🤖 AI Summary
In decentralized wireless networks, multi-source–destination pairs face a fundamental trade-off between throughput maximization and fairness assurance when autonomously learning spectrum access policies over limited orthogonal frequency bands. To address this, we propose FSRL—the first coordination-free, fully decentralized reinforcement learning framework for spectrum access.
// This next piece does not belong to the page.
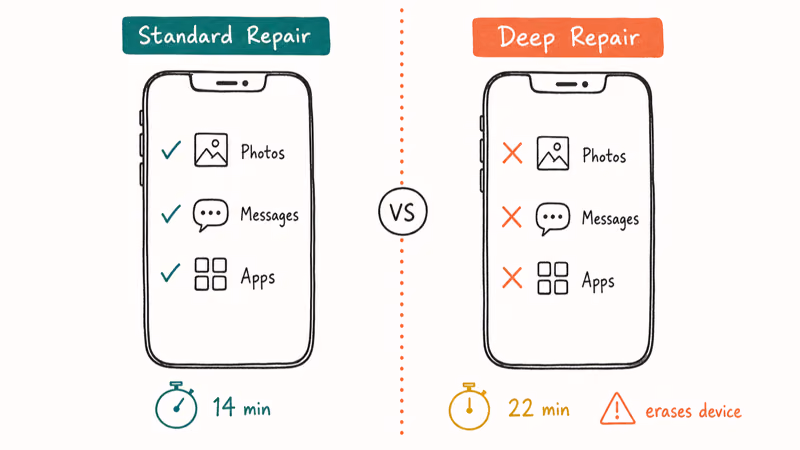 Hand-drawn iPhones comparing ReiBoot Standard Repair preserving data versus Deep Repair erasing photos and messages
FSRL introduces three key innovations: (i) semi-adaptive temporal state augmentation, (ii) risk-aware temporal modeling, and (iii) a fairness-driven reward mechanism grounded in the Jain fairness index. Furthermore, it integrates collision-feedback-guided state learning with a time-difference likelihood architecture to ensure robust decision-making. Evaluated across 50+ heterogeneous scenarios, FSRL achieves up to an 89.0% fairness improvement over state-of-the-art baselines—particularly under stringent single-band, multi-user conditions—and yields an average fairness gain of 48.1%, while simultaneously enhancing individual throughput and system-wide fairness.
📝 Abstract
We consider a decentralized wireless network with several source-destination pairs sharing a limited number of orthogonal frequency bands. Sources learn to adapt their transmissions (specifically, their band selection strategy) over time, in a decentralized manner, without sharing information with each other. Sources can only observe the outcome of their own transmissions (i.e., success or collision), having no prior knowledge of the network size or of the transmission strategy of other sources. The goal of each source is to maximize their own throughput while striving for network-wide fairness. We propose a novel fully decentralized Reinforcement Learning (RL)-based solution that achieves fairness without coordination. The proposed Fair Share RL (FSRL) solution combines: (i) state augmentation with a semi-adaptive time reference; (ii) an architecture that leverages risk control and time difference likelihood; and (iii) a fairness-driven reward structure. We evaluate FSRL in more than 50 network settings with different number of agents, different amounts of available spectrum, in the presence of jammers, and in an ad-hoc setting. Simulation results suggest that, when we compare FSRL with a common baseline RL algorithm from the literature, FSRL can be up to 89.0% fairer (as measured by Jain's fairness index) in stringent settings with several sources and a single frequency band, and 48.1% fairer on average.